Poretsky, Imhoff [Page 1]
INTERNET-DRAFT Benchmarking Terminology for February 2007
IGP Data Plane Route Convergence
Table of Contents
1. Introduction .................................................2
2. Existing definitions .........................................3
3. Term definitions..............................................3
3.1 Convergence Event.........................................3
3.2 Route Convergence.........................................4
3.3 Network Convergence.......................................4
3.4 Full Convergence..........................................5
3.5 Convergence Packet Loss...................................5
3.6 Convergence Event Instant.................................6
3.7 Convergence Recovery Instant..............................6
3.8 Rate-Derived Convergence Time.............................7
3.9 Convergence Event Transition..............................7
3.10 Convergence Recovery Transition..........................8
3.11 Loss-Derived Convergence Time............................8
3.12 Sustained Forwarding Convergence Time....................9
3.13 Restoration Convergence Time.............................9
3.14 Packet Sampling Interval.................................10
3.15 Local Interface..........................................11
3.16 Neighbor Interface.......................................11
3.17 Remote Interface.........................................11
3.18 Preferred Egress Interface...............................12
3.19 Next-Best Egress Interface...............................12
3.20 Stale Forwarding.........................................13
3.21 Nested Convergence Events................................13
4. IANA Considerations...........................................13
5. Security Considerations.......................................14
6. Acknowledgements..............................................14
7. Normative References..........................................14
8. Author's Address..............................................15
1. Introduction
This draft describes the terminology for benchmarking Interior
Gateway Protocol (IGP) Route Convergence. The motivation and
applicability for this benchmarking is provided in [Po07a]. The
methodology to be used for this benchmarking is described in [Po07m].

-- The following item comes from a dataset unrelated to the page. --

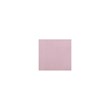 Pemberly Row Contemporary Low Profile Upholstered Toddler Bed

The methodology and terminology to be used for benchmarking Route
Convergence can be applied to any link-state IGP such as ISIS [Ca90]
and OSPF [Mo98]. The data plane is measured to obtain black-box
(externally observable) convergence benchmarking metrics. The
purpose of this document is to introduce new terms required to
complete execution of the IGP Route Convergence Methodology [Po07m].
These terms apply to IPv4 and IPv6 traffic and IGPs.
An example of Route Convergence as observed and measured from the
data plane is shown in Figure 1. The graph in Figure 1 shows
Forwarding Rate versus Time. Time 0 on the X-axis is on the far
right of the graph. The Offered Load to the ingress interface of
the DUT SHOULD equal the measured maximum Throughput [Ba99][Ma98]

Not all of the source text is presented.